From the entries, copy out every line in which the word "Sleeve" is found.
### SUPPLIED DATA
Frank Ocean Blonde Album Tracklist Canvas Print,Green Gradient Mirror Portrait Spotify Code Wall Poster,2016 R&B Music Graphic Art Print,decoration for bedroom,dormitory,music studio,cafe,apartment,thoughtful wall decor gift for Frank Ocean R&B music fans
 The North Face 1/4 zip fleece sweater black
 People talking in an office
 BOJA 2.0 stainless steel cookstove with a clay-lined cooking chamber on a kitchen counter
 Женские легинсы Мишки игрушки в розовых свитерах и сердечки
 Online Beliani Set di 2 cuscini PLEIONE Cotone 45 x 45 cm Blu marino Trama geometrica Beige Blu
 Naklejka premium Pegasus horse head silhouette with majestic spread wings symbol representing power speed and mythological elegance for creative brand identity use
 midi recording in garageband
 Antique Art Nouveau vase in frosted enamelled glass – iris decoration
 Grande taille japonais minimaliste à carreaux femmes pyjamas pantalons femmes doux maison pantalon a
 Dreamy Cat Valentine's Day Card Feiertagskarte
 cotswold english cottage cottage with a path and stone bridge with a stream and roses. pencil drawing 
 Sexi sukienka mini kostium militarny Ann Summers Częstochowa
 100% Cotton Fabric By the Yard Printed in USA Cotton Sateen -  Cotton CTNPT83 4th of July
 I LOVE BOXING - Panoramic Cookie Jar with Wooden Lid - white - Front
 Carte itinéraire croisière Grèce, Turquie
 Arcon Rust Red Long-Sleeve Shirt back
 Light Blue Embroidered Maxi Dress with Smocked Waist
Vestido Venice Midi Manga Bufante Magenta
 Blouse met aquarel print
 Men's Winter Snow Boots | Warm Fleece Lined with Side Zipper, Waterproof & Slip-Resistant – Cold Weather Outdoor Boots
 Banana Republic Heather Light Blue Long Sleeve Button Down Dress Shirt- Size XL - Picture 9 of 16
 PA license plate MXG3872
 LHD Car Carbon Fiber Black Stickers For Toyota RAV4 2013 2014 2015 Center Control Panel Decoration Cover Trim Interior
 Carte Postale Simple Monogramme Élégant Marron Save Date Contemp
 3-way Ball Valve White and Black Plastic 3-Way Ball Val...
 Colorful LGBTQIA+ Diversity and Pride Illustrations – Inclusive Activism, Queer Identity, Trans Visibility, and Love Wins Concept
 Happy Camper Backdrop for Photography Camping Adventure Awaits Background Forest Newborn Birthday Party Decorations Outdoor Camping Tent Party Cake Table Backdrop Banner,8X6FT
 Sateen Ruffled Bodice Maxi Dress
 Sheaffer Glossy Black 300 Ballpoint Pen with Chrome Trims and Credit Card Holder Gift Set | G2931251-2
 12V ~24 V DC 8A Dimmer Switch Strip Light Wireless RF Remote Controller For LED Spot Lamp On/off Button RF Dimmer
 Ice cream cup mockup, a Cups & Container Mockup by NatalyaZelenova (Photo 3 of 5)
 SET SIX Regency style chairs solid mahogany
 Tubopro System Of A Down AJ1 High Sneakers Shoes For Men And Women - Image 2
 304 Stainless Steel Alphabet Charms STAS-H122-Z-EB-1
######
YOUR SOLUTION:
 Arcon Rust Red Long-Sleeve Shirt back
 Banana Republic Heather Light Blue Long Sleeve Button Down Dress Shirt- Size XL - Picture 9 of 16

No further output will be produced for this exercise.